I think most of the residents of the Heights are reasonable people with open minds and are willing to listen to new ideas. However, as Bouchard stated, there are a number of questions that still need to be answered.
As a lead up to that meeting, I would ask that the presentation the city proposes include the following:
1) Can someone explain how the reduction of four lanes in the city’s most heavily trafficked corridor to two lanes will ensure a smooth flow of traffic? Please don’t tell us this configuration worked elsewhere. We need to know the logic and details behind something that even the city engineers acknowledge is counter-intuitive.
2) While the issue of safety is one of the driving forces behind the reconfiguration, we need to know how many accidents occurred between Airport Road and the Steeplegate Mall in the last year.

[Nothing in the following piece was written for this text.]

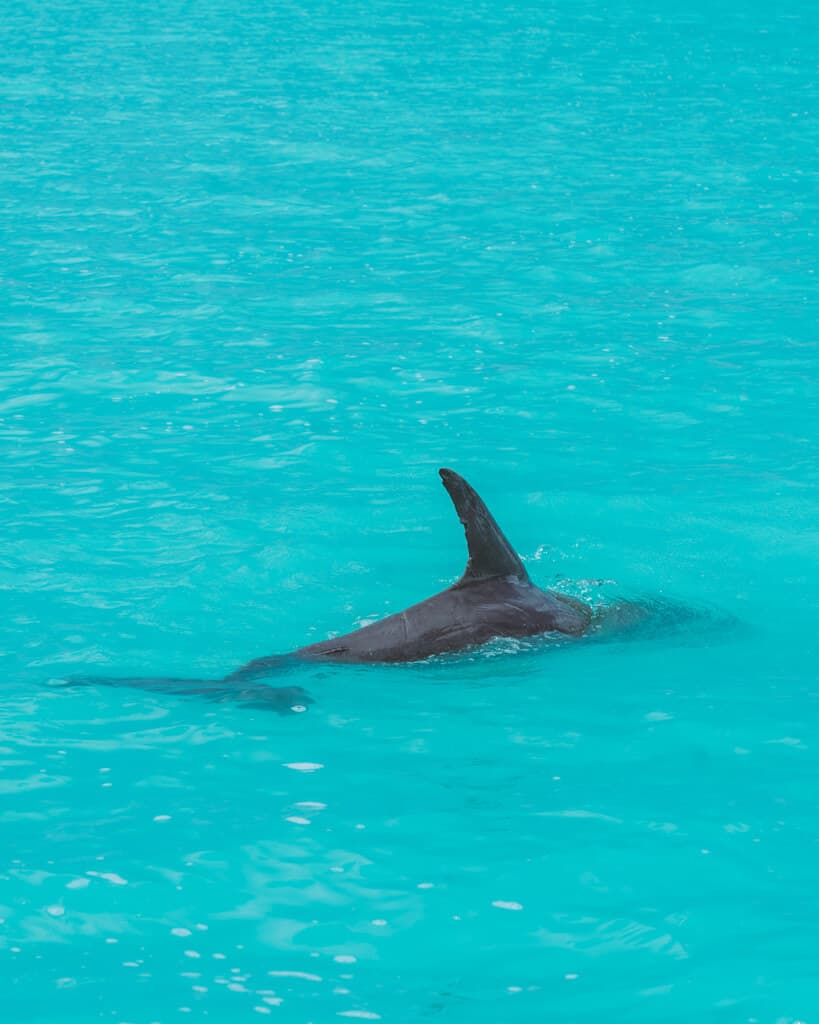 Glamping at Hotel Cielo y Selva in the Sian Ka'an Biosphere Reserve 37 A dolphin with its fin poking out of blue water in Sian Ka'an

How many of those accidents were the result of impaired or distracted drivers or weather conditions and nothing to do with the present configuration? Given the high number of cars using that road, how does the accident rate compare with other heavily trafficked roads in the city? In the same light, someone needs to address the police report cited in the Monitor last year that indicated that most of the accidents on Loudon Road actually happened where Interstate 93 exits on to Loudon Road and not on the corridor from Airport Road to the mall.
3) While the paving project may cost taxpayers $1.5 million (can we please see the bids?), I assume the cost would be bonded over several years and would not cost taxpayers the full amount in the first year. How many years would the project be bonded and what would the additional cost be per tax payer each year over that time? It’s a little misleading to suggest that the full amount would hit taxpayers in one year.
Frankly, telling us that the only way to get Loudon Road paved is to include it in the new configuration plan is disingenuous.
However, if plausible answers to the above questions can be given, I think Heights residents would be much more inclined to support the latest plan.